Problems and Solutions for Adjusting to Changes in Daylight Saving Time
Abstract: Recent U.S. legislation increased the daylight saving time (DST) period by four weeks. This change will affect systems that adjust for DST by using real-time clocks (RTCs) with an integrated DST adjustment. This note discusses issues related to the DST change, shows how to test and adjust the RTC for DST, and recommends how to manage DST in future designs.
Introduction and Background on DST Implementation
Since 1986 daylight saving time, in the U.S., begins on the first Sunday in April and ends on the last Sunday in October. Canada and Mexico also follow this schedule¹. Beginning in 2007, however, daylight saving time in the U.S. will begin on the second Sunday in March and end on the first Sunday in November².
Historically the DS1287 RTC, used on the IBM AT Personal Computer (PC), integrated the U.S. DST function.
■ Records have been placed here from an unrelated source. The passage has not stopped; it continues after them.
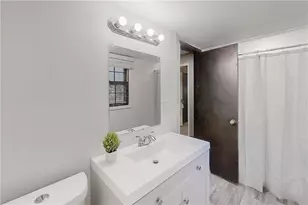 2284 Emerald Springs Dr, Decatur, GA 30035 - Photo 5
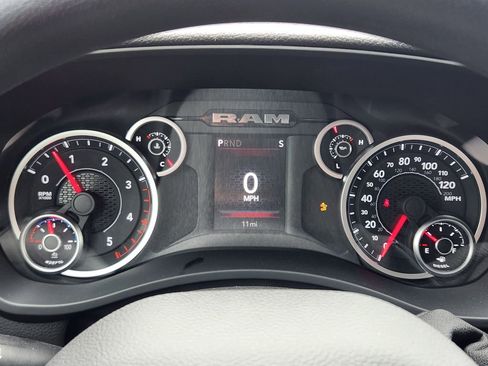New 2026 RAM 2500 Tradesman AWD/4WD image 11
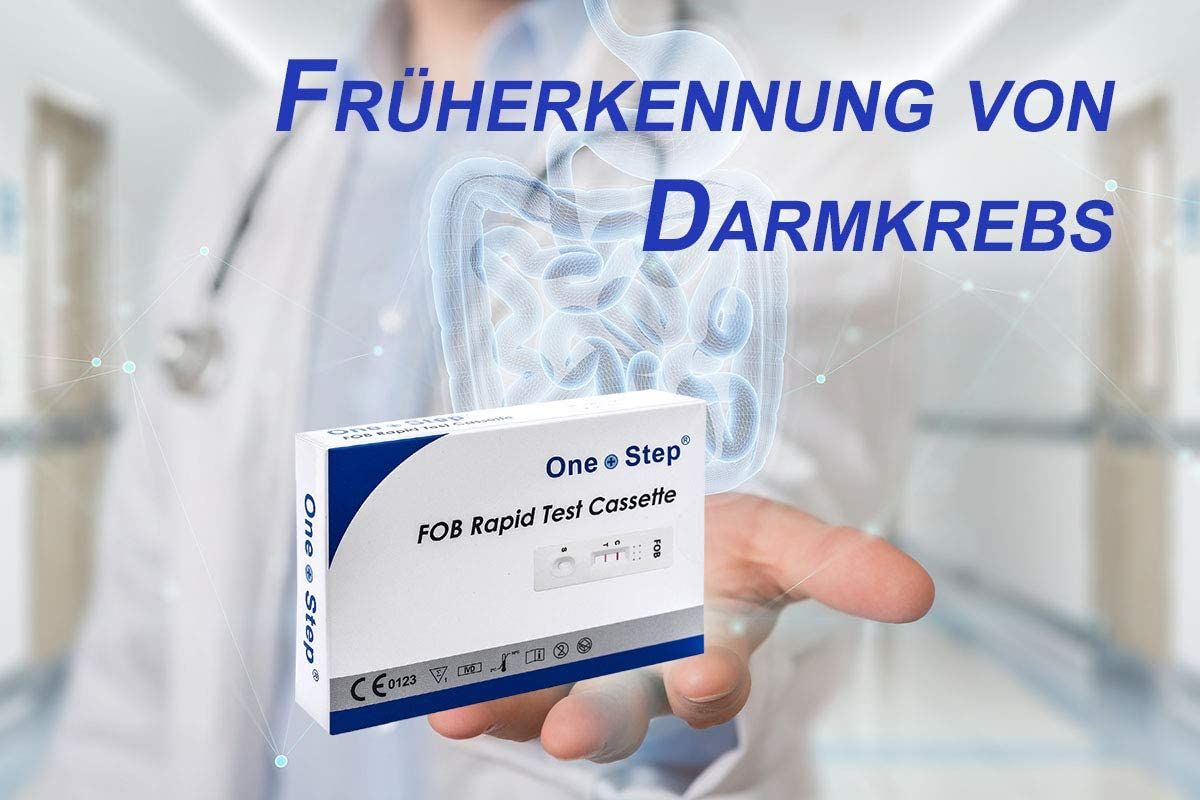 Arzt hält Produktverpackung mit "One+Step FOB Rapid Test Cassette". Text: Früherkennung von Darmkrebs. Hintergrund: Darm-Illustration.
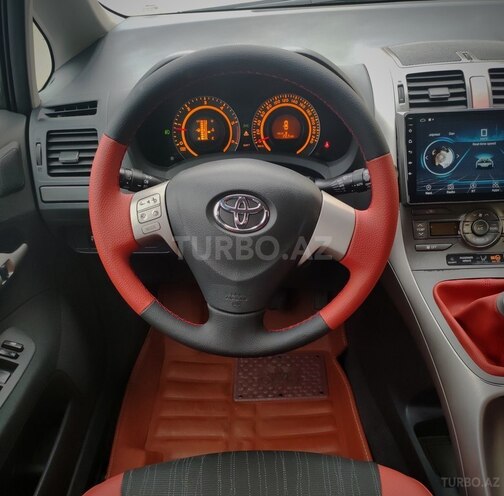 Toyota Auris 2007, 222,000 km - 1.4 l - Bakı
If the DST function was enabled, the operation system's (OS) clock used the time and date information from the RTC at boot time to reflect the proper time. For legacy reasons, all other Dallas Semiconductor multiplexed-bus interface RTCs also support the DST function. (See Table 1.)
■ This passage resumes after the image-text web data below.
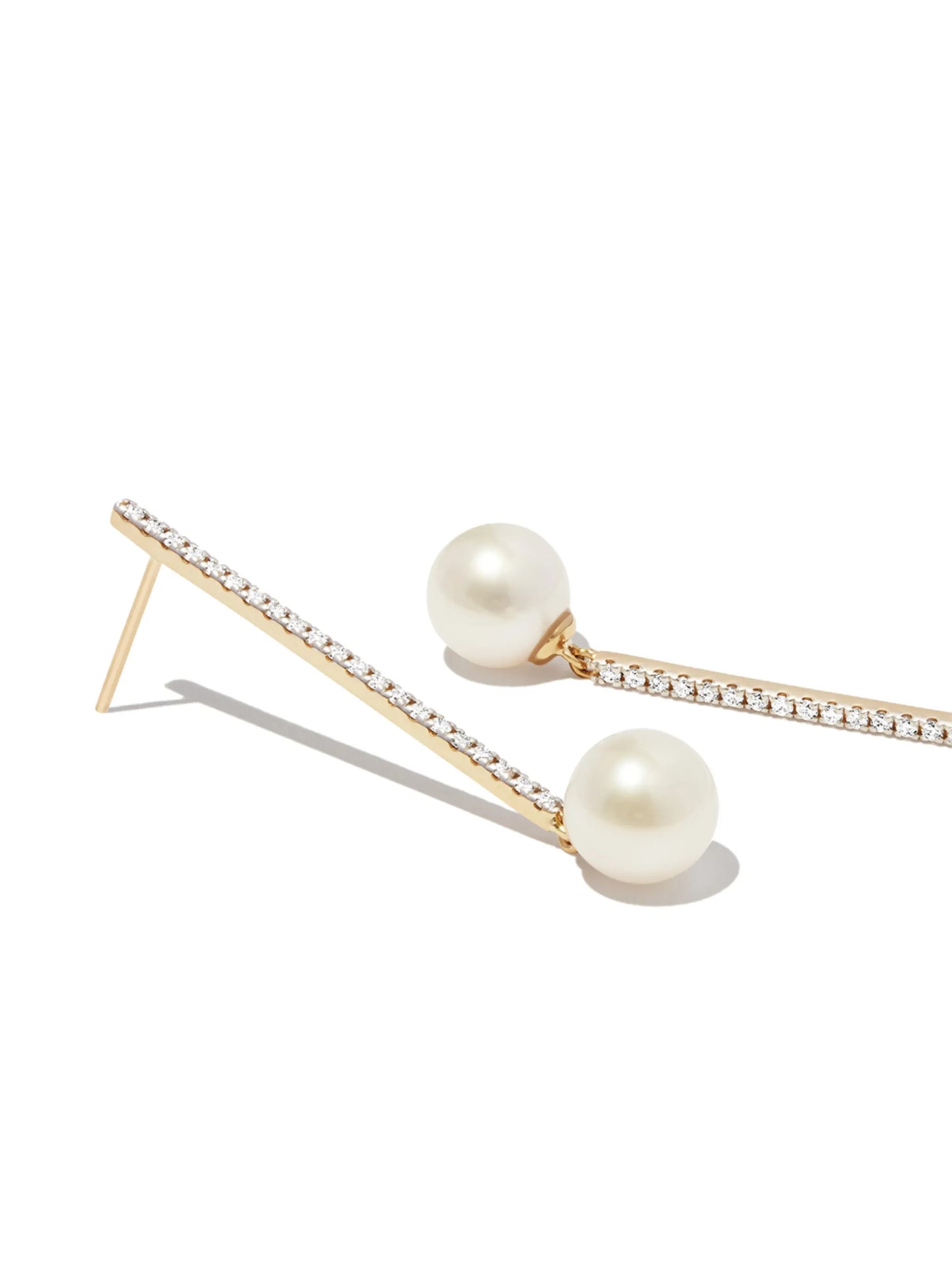 14kt yellow gold diamond pavé pearl drop earrings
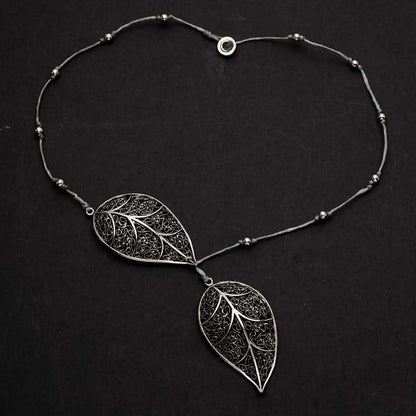 Collier court en plaqué argent Double feuille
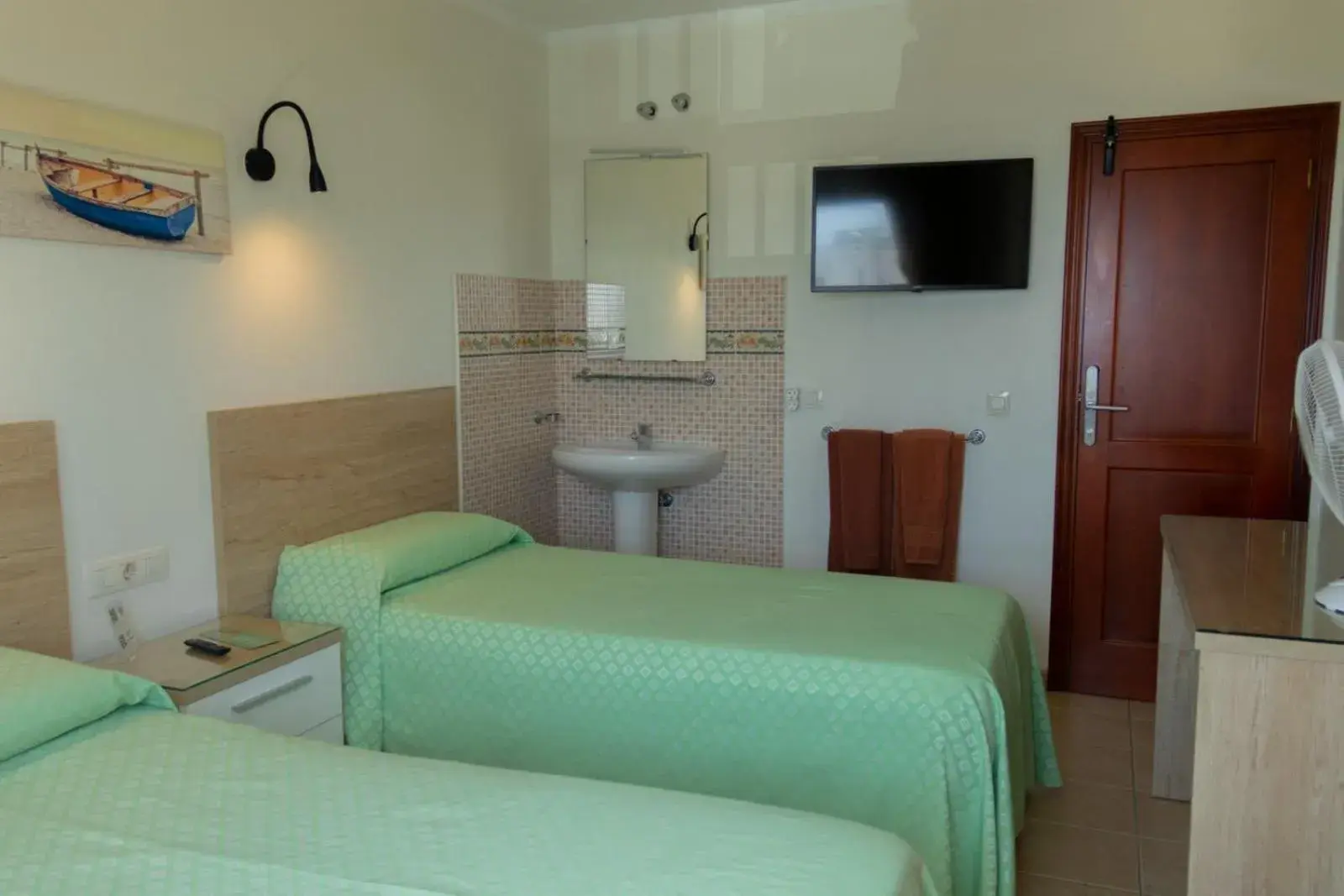 Double or Twin Room with Shared Bathroom in Hostal Magec Double or Twin Room with Shared Bathroom in Hostal Magec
Table 1. Multiplexed-Bus RTCs with Integrated DST Operation
DS12885/87
DS12R885/CR887/R887
DS14285/87
DS1685/87
DS1688/91
DS1689/93
DS17285/87
DS17485/87
DS17885/87
In modern operating systems the OS, not the RTC, handles the DST function. Since DST is implemented differently worldwide and can change often, using the OS allows relatively easy updates to the DST function and DST support. Embedded systems, in contrast, often have limited software, firmware, or memory resources, are limited to sales in North America, and may still implement DST by using the RTC's integrated DST function.
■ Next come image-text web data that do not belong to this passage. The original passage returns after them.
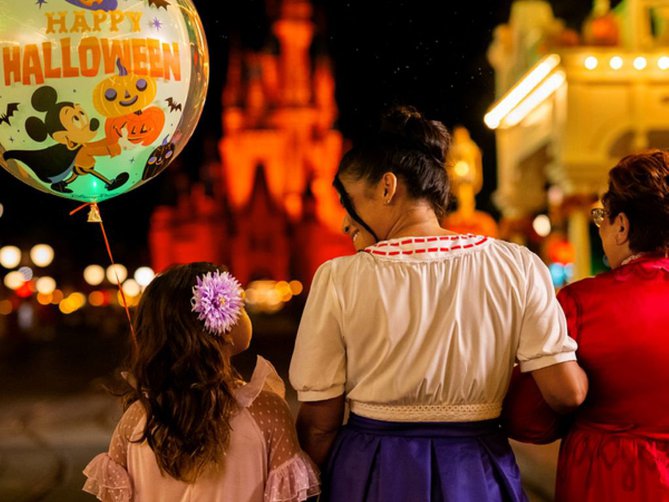 Vive las veladas fantasmales de Magic Kingdom®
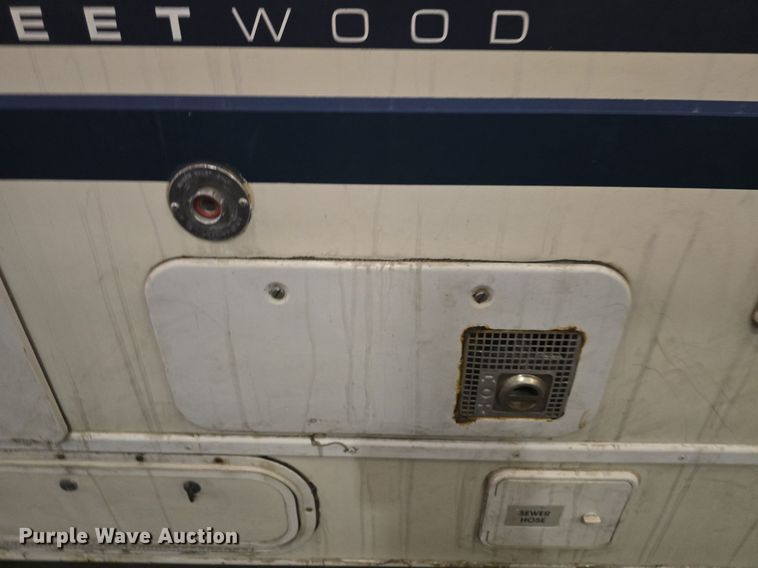 image for item DQ5164 1995 Ford  Econoline E350 Montana Tioga RV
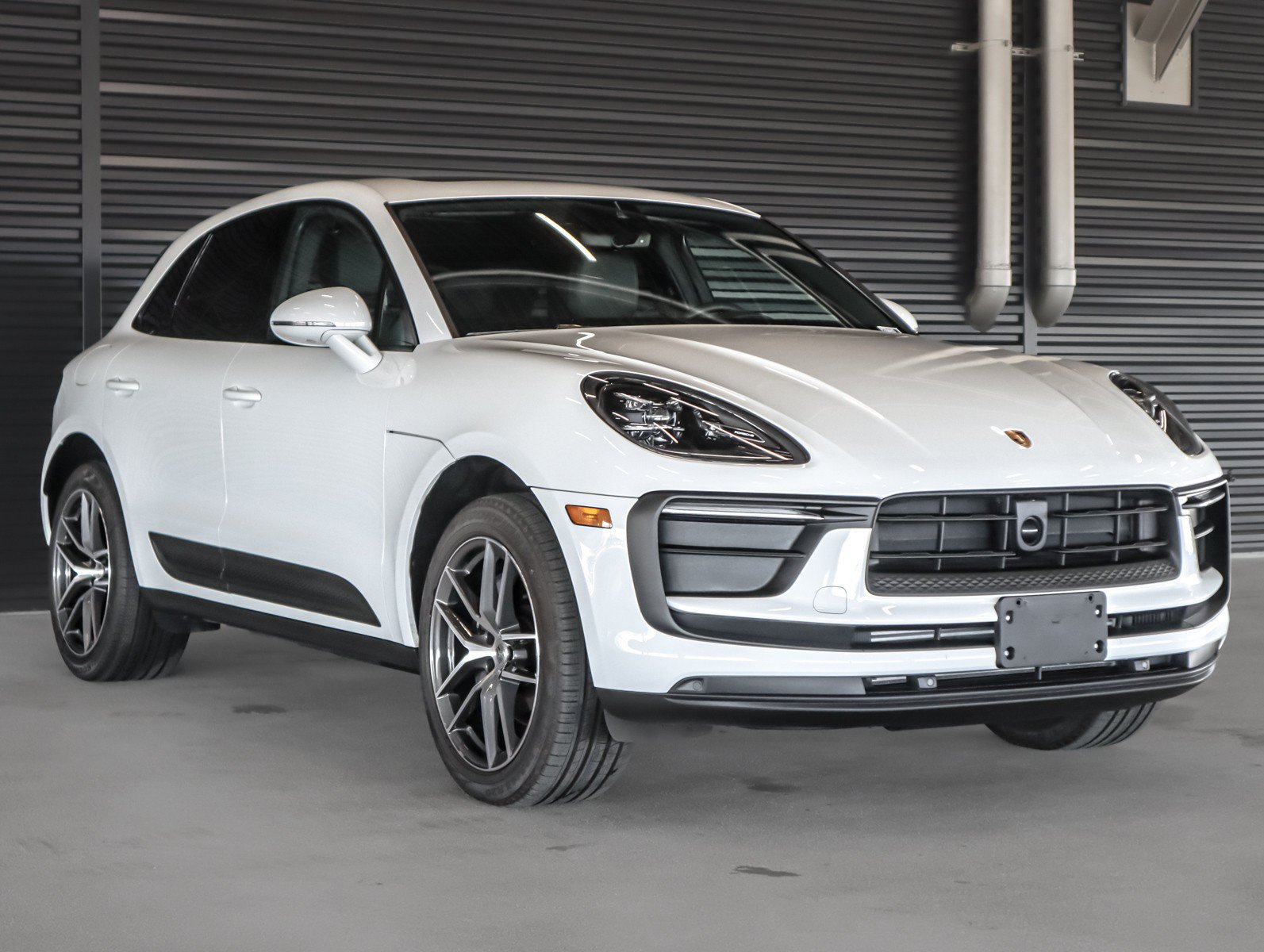 Certified 2026 Porsche Macan AWD/4WD image 7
The DST function is important in some applications where there is no OS DST adjustment. Traffic signal controllers, for example, adjust the signal timing during morning and evening rush hours, which shift with DST. Other applications, such as FAX machines, may depend upon the user to input the correct time when a DST shift occurs, and therefore have little need for automatic DST adjustment.
Recommendations for Managing DST Adjustments
At this time Dallas Semiconductor does not plan to change the DST function on the multiplexed-bus product line. We encourage customers whose applications depend on proper adjustment to DST to update their products so that firmware handles DST changes, not the RTC.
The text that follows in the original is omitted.